Using the records below, output the stretch that opens with the line containing "Canada Goose Beach" and closes with the line containing "De verschillen tussen", exactly and including both lines, with nothing more.

Records from a data collection
==============================

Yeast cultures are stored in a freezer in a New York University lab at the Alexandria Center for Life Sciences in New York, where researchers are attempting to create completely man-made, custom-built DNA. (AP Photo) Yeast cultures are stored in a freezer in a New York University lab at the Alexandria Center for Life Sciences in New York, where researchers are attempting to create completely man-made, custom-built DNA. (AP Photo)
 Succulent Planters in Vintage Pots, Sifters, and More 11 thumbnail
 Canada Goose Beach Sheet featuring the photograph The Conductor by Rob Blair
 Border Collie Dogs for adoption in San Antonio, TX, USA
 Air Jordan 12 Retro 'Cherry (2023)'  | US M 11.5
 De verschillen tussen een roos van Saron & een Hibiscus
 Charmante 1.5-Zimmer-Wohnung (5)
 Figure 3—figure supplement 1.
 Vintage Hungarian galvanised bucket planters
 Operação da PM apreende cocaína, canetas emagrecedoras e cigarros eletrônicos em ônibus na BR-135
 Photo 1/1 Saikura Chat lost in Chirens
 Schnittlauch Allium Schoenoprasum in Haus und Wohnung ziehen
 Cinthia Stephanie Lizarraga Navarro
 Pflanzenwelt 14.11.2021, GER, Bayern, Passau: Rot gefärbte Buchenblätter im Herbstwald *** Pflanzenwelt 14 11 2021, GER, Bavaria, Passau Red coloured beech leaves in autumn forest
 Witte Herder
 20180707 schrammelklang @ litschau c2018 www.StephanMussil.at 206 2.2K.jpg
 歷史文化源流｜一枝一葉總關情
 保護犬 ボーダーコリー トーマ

==============================

Exercise result |
 Canada Goose Beach Sheet featuring the photograph The Conductor by Rob Blair
 Border Collie Dogs for adoption in San Antonio, TX, USA
 Air Jordan 12 Retro 'Cherry (2023)'  | US M 11.5
 De verschillen tussen een roos van Saron & een Hibiscus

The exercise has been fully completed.